WHAT TO WORK ON :: The entries that follow must be written out exactly, without any of the pictures they contain.

[Saved data entries]
^^^^^^^^

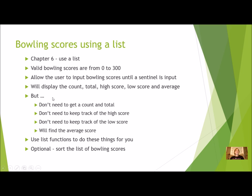You are going to display the count, total, high score, low score and the average. But you don't need to get a count in total in your program with separate variables. You don't need to keep track of the high score or the low score.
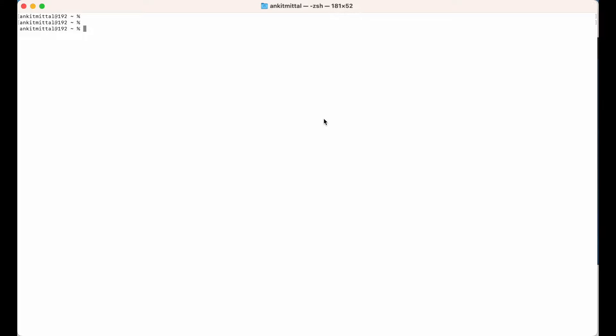For that, obviously you should have Homebrew installed on your system. If you have not installed Homebrew yet, I have created another video to install Homebrew, so you can refer to that video.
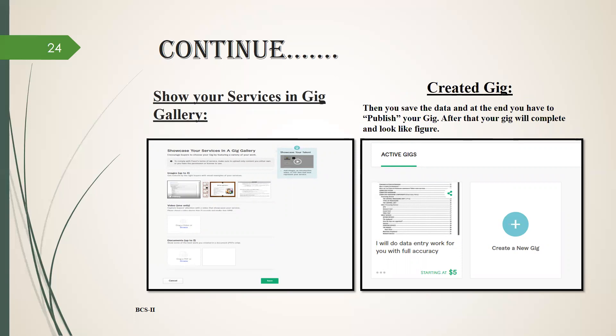Now the next is show your services in gig gallery. Here you have three options: images, videos, and documents. Now you have to at least fill one option. If you have any pictures of your work, pictures or something, you have to upload documents or files. After this you have to click on save and now your gig is created. Then you save the data and at the end you have to publish your gig.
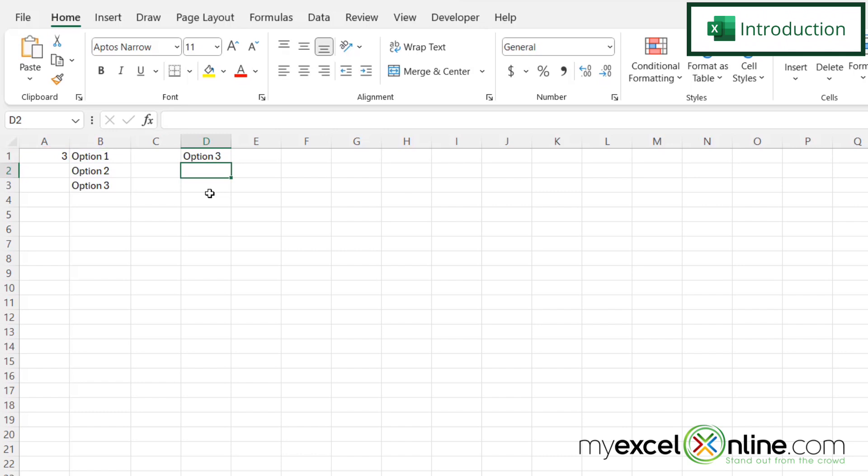In this case, we want to choose the third option of these three options listed in column B, and we're doing that right here in cell D1.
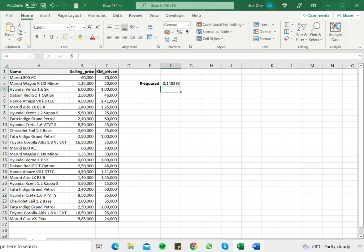And this gives me the R squared, which I can then use in my analysis and in building regression models.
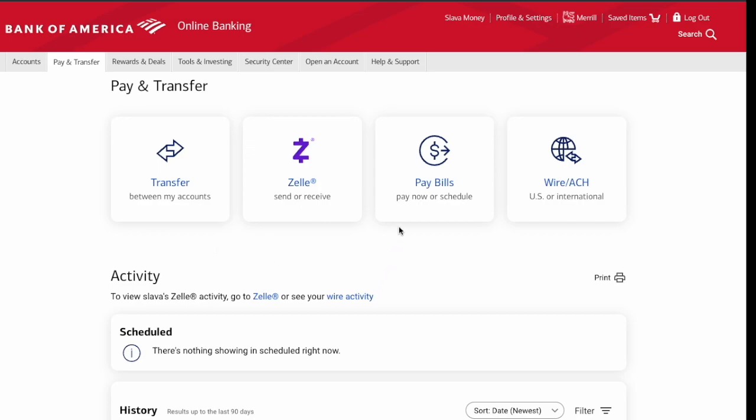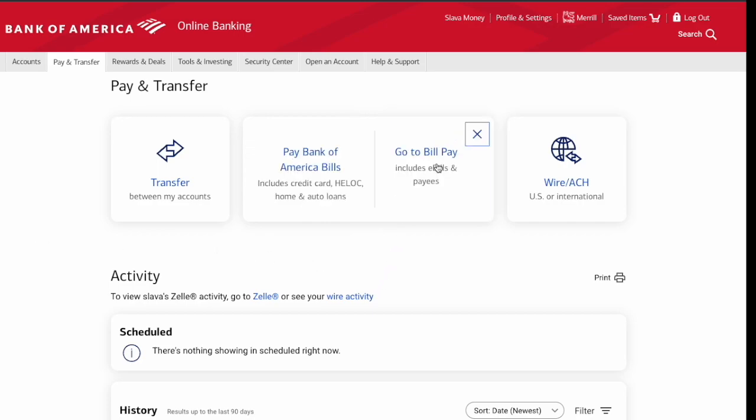On the Pay and Transfer page, click on Pay Bills, then click on Go to Bill Pay.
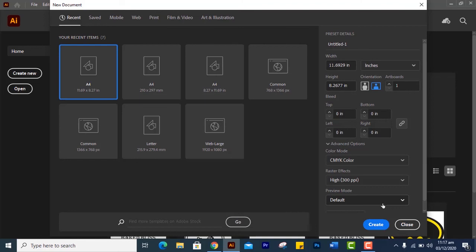You have to choose the standards that you have already told. If you have to work in print media or digital media, then you have to decide yourself.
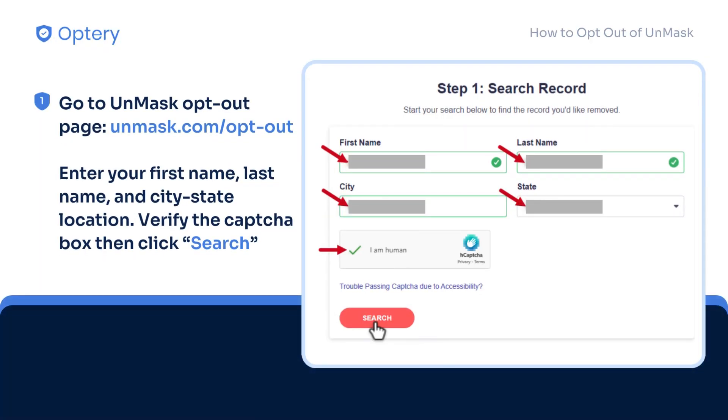Go to the Unmask opt-out website. Enter your first name, last name, and city-state location. Verify the CAPTCHA box, then hit Search.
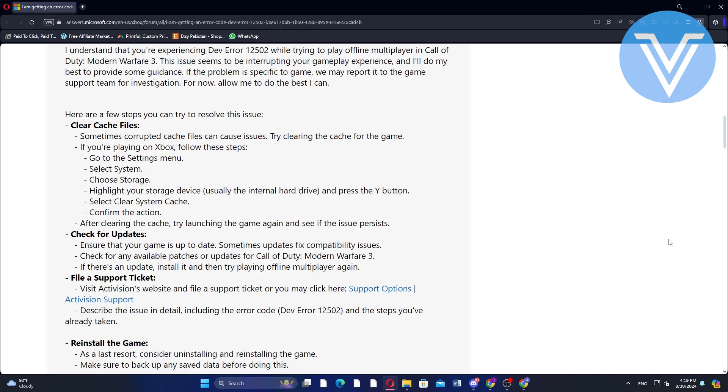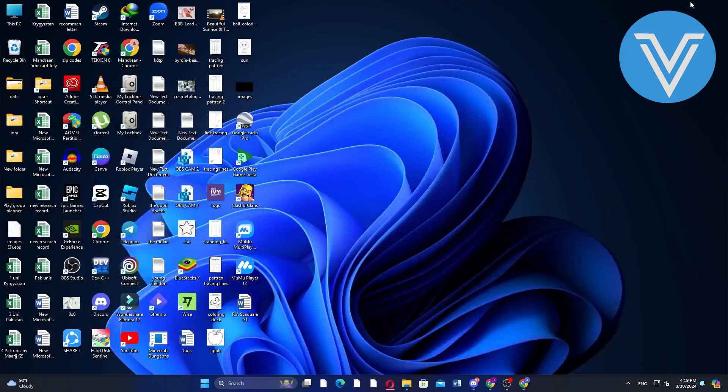As a last resort, consider uninstalling and reinstalling the game. Make sure to back up any saved data before doing this. After reinstalling, check if the error is resolved.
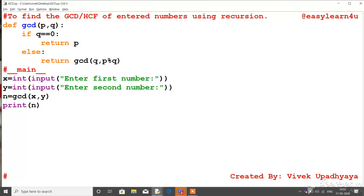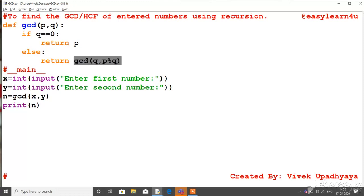So 15 will be passed as the first argument in the recursive call, and 21 mod 15, which equals 6, will be passed as the second argument. So in the first recursive call, the values passed will be 15 and 6. In that new call body, p will be 15 and q will be 6. Since q is not 0, it will not return p, and will go to else and make another recursive call — where q takes value 6 and the second argument will be 15 mod 6, which equals 3.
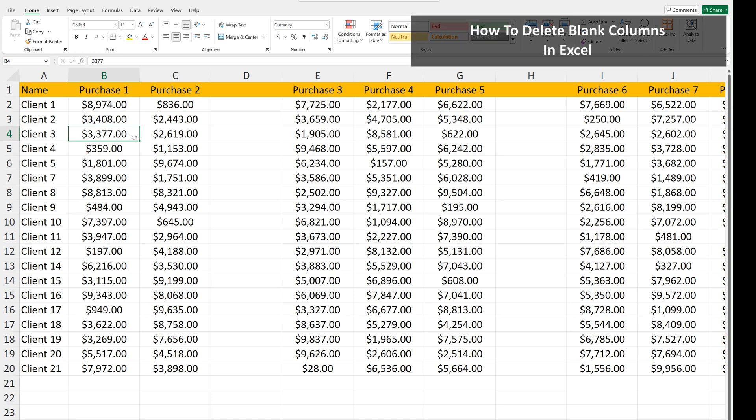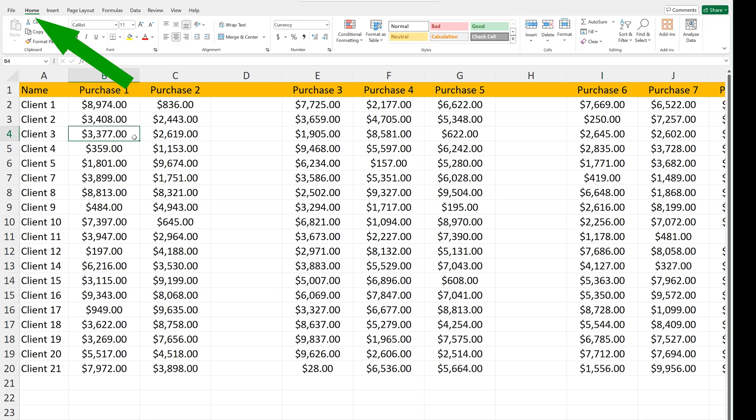Let's say that you have some blank columns, such as in this example worksheet, that you want to delete to clean things up a bit. To do this, make sure you're on the Home tab at the top of the worksheet.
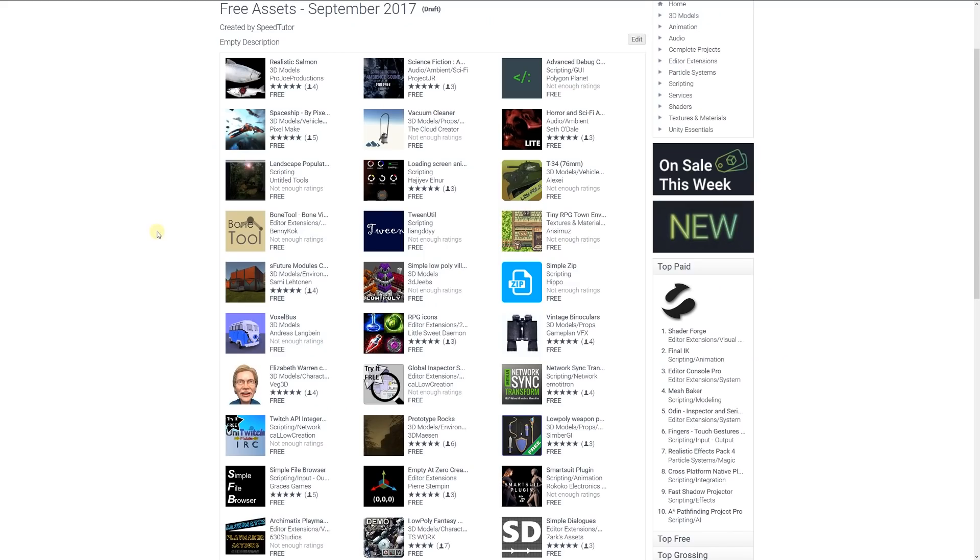These were all the top 5 miscellaneous assets for September 2017. As ever, I will leave a link in the description so you can check out all the assets. Thanks again for watching, don't forget to like, comment, and subscribe. Cheers.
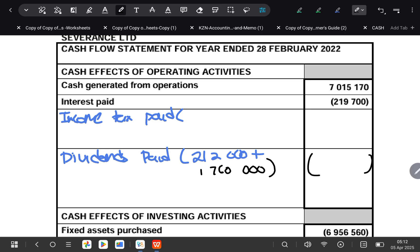So 212,000 plus one million seven hundred and sixty thousand gives us one million nine hundred and seventy-two thousand. You can confirm it by doing the other note your teacher showed you, but this is one of the ways you can use to do your dividends paid note — it's actually the easiest.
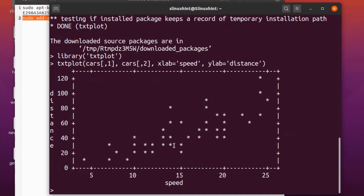You can see the graph has been plotted — on the x-axis we have speed and on the y-axis we have distance. That's how you can plot a graph using textplot and how you use the textplot package inside the R language.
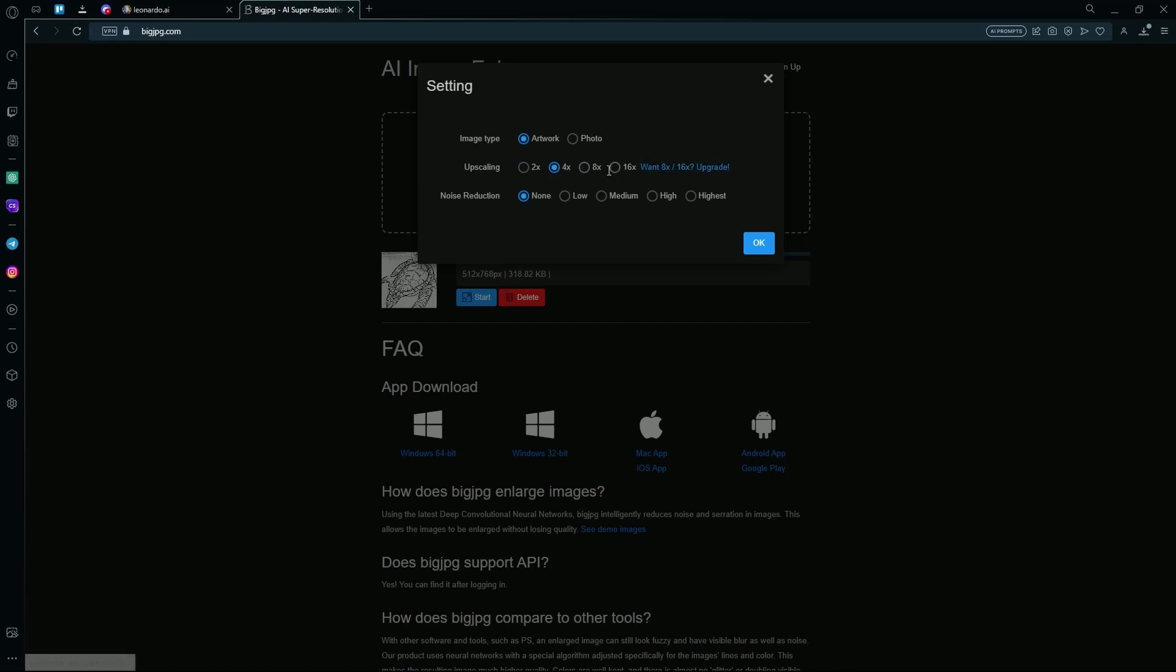What you're going to do is hit 4x as the 8x and 16x versions are not free and you have to get an upgraded plan for that. But 4x is the best free option. You're going to choose none in the noise reduction and keep the image type as artwork for the best results and hit OK.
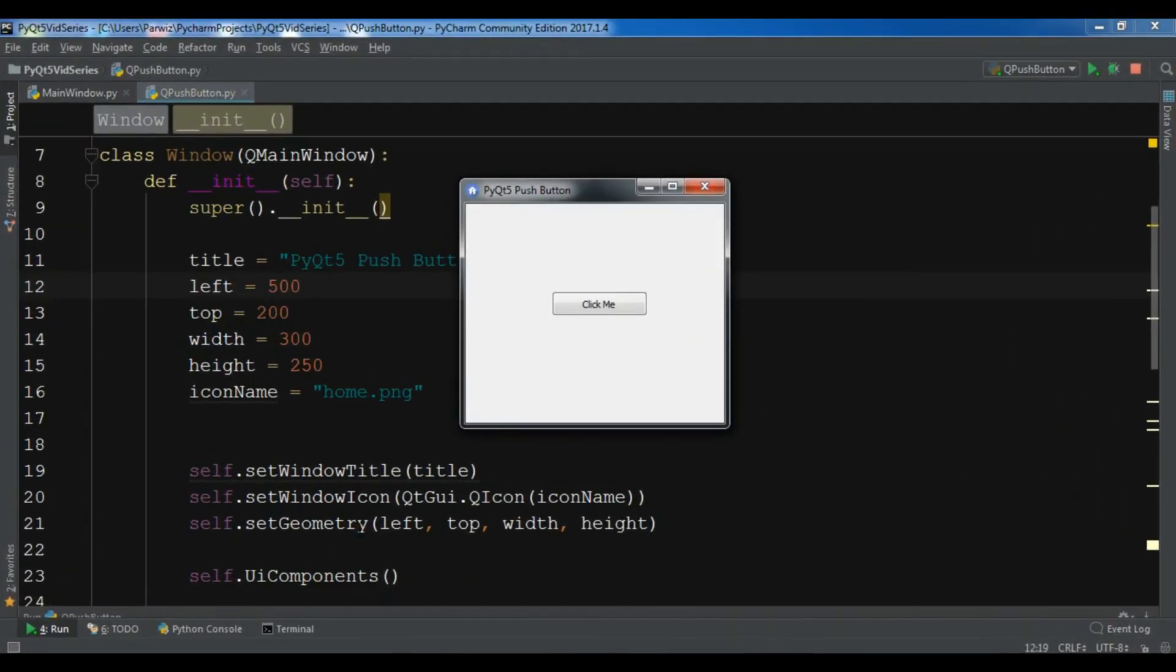Hello YouTubers, I am Parwaze and this is our third video in PyQt5 Graphical User Interface Application Development.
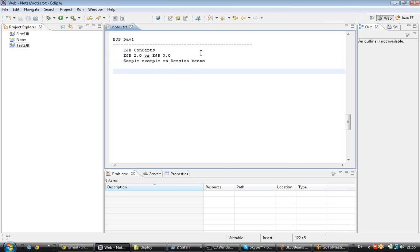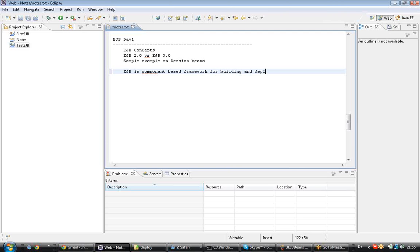Basically, EJB is a framework. EJB is a container. EJB is a component-based distributed framework for building and deploying distributed applications. This is the basic definition of EJB — Enterprise Java Beans.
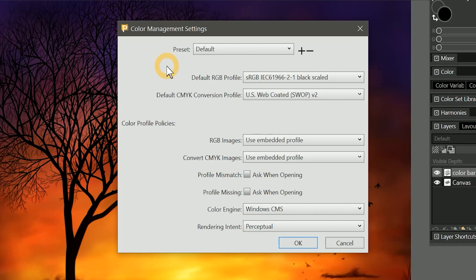The color management settings define how colors appear on your screen, as well as how they translate to print. A basic understanding of color management will make it easier to get your prints to look the way you intended.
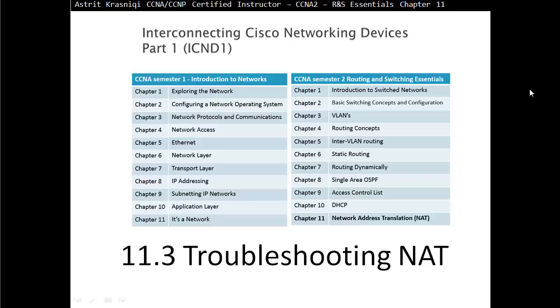Hello and thank you for watching my video. My name is Astrid Krasniqi. I'm CCNA and CCNP Certified Instructor. On this video we are covering CCNA Semester 2 Routing and Switching Essentials. This is Chapter 11 Network Address Translation, Section 11.3 Troubleshooting NAT.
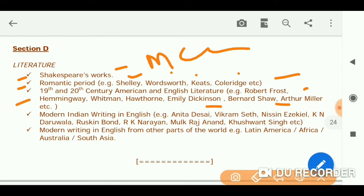For the history of English literature, we must go through every part — I have already created 41 videos on this. There are also 37 more videos of short notes, so remember to make those short notes, note them down, and try to memorize them.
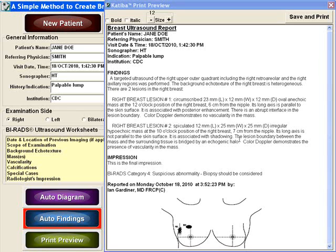The Auto Findings button will automatically create a structured report based on the selected descriptors. The radiologist can still edit the report at this point. This template can be customized to include the institution's logo and address, plus the radiologist's signature.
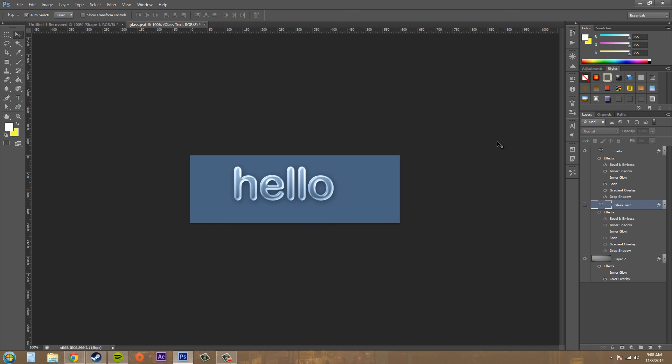So that's it. That's all I wanted to show you on how to create your customized layer styles and how to apply them to the layer. So thanks a lot for watching the tutorial. And I'll see you in the next one. Have a good one everybody.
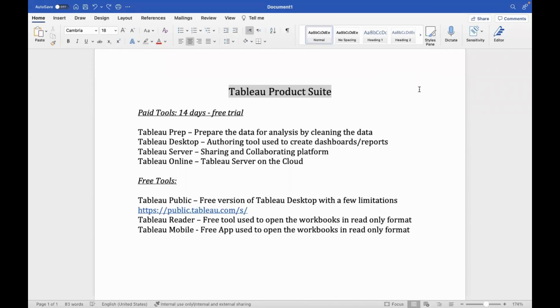Hello everyone, hope you're all doing well. In this video, we will be discussing about various products offered by Tableau.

^^^^^^^^

TASK OUTPUT ::
You are going to display the count, total, high score, low score and the average. But you don't need to get a count in total in your program with separate variables. You don't need to keep track of the high score or the low score.
For that, obviously you should have Homebrew installed on your system. If you have not installed Homebrew yet, I have created another video to install Homebrew, so you can refer to that video.
Now the next is show your services in gig gallery. Here you have three options: images, videos, and documents. Now you have to at least fill one option. If you have any pictures of your work, pictures or something, you have to upload documents or files. After this you have to click on save and now your gig is created. Then you save the data and at the end you have to publish your gig.
In this case, we want to choose the third option of these three options listed in column B, and we're doing that right here in cell D1.
And this gives me the R squared, which I can then use in my analysis and in building regression models.
On the Pay and Transfer page, click on Pay Bills, then click on Go to Bill Pay.
You have to choose the standards that you have already told. If you have to work in print media or digital media, then you have to decide yourself.
Go to the Unmask opt-out website. Enter your first name, last name, and city-state location. Verify the CAPTCHA box, then hit Search.
As a last resort, consider uninstalling and reinstalling the game. Make sure to back up any saved data before doing this. After reinstalling, check if the error is resolved.
So 15 will be passed as the first argument in the recursive call, and 21 mod 15, which equals 6, will be passed as the second argument. So in the first recursive call, the values passed will be 15 and 6. In that new call body, p will be 15 and q will be 6. Since q is not 0, it will not return p, and will go to else and make another recursive call — where q takes value 6 and the second argument will be 15 mod 6, which equals 3.
Let's say that you have some blank columns, such as in this example worksheet, that you want to delete to clean things up a bit. To do this, make sure you're on the Home tab at the top of the worksheet.
These were all the top 5 miscellaneous assets for September 2017. As ever, I will leave a link in the description so you can check out all the assets. Thanks again for watching, don't forget to like, comment, and subscribe. Cheers.
So 212,000 plus one million seven hundred and sixty thousand gives us one million nine hundred and seventy-two thousand. You can confirm it by doing the other note your teacher showed you, but this is one of the ways you can use to do your dividends paid note — it's actually the easiest.
You can see the graph has been plotted — on the x-axis we have speed and on the y-axis we have distance. That's how you can plot a graph using textplot and how you use the textplot package inside the R language.
What you're going to do is hit 4x as the 8x and 16x versions are not free and you have to get an upgraded plan for that. But 4x is the best free option. You're going to choose none in the noise reduction and keep the image type as artwork for the best results and hit OK.
Hello YouTubers, I am Parwaze and this is our third video in PyQt5 Graphical User Interface Application Development.
Basically, EJB is a framework. EJB is a container. EJB is a component-based distributed framework for building and deploying distributed applications. This is the basic definition of EJB — Enterprise Java Beans.
The color management settings define how colors appear on your screen, as well as how they translate to print. A basic understanding of color management will make it easier to get your prints to look the way you intended.
Hello and thank you for watching my video. My name is Astrid Krasniqi. I'm CCNA and CCNP Certified Instructor. On this video we are covering CCNA Semester 2 Routing and Switching Essentials. This is Chapter 11 Network Address Translation, Section 11.3 Troubleshooting NAT.
For the history of English literature, we must go through every part — I have already created 41 videos on this. There are also 37 more videos of short notes, so remember to make those short notes, note them down, and try to memorize them.
The Auto Findings button will automatically create a structured report based on the selected descriptors. The radiologist can still edit the report at this point. This template can be customized to include the institution's logo and address, plus the radiologist's signature.
So that's it. That's all I wanted to show you on how to create your customized layer styles and how to apply them to the layer. So thanks a lot for watching the tutorial. And I'll see you in the next one. Have a good one everybody.
Hello everyone, hope you're all doing well. In this video, we will be discussing about various products offered by Tableau.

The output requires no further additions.